* **EXERCISE PROMPT**
Set down, please, exactly the lines below that run from the line with "2026, 11:40 am" to the line with "Monjayaki là một", both lines included.

* **RECORDS FOR THE EXERCISE**
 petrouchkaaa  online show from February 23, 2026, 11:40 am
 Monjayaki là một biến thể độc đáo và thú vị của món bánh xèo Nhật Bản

==

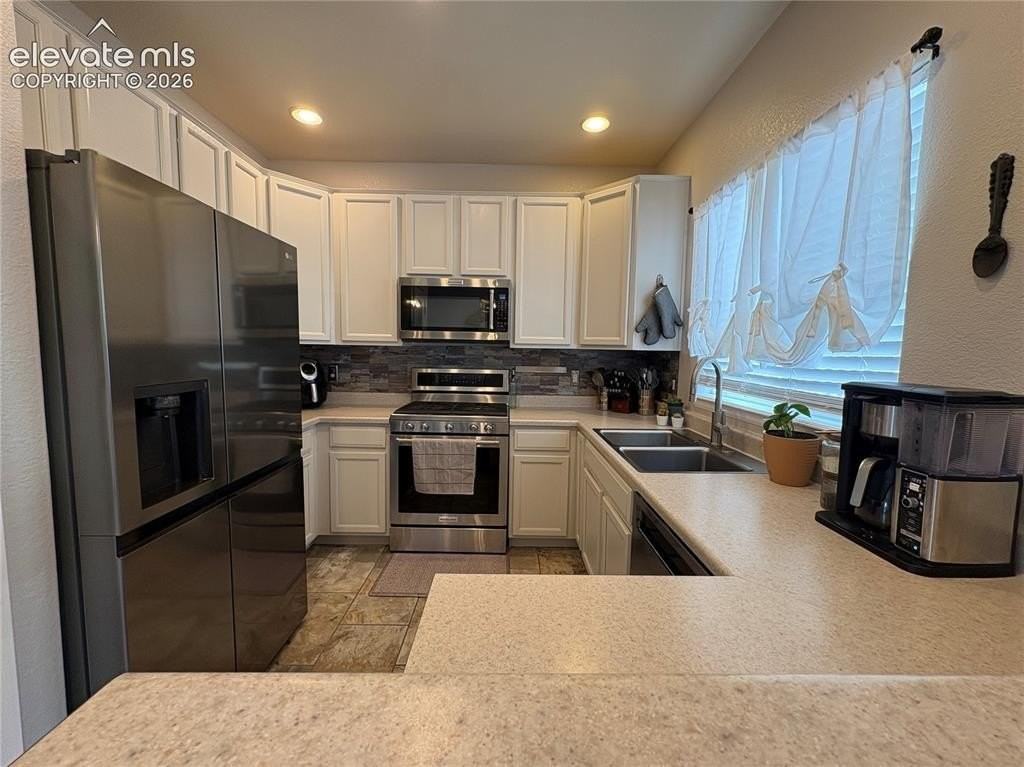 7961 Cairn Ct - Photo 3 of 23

---

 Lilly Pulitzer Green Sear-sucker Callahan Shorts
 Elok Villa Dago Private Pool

* **REPLY**
 petrouchkaaa  online show from February 23, 2026, 11:40 am
 Monjayaki là một biến thể độc đáo và thú vị của món bánh xèo Nhật Bản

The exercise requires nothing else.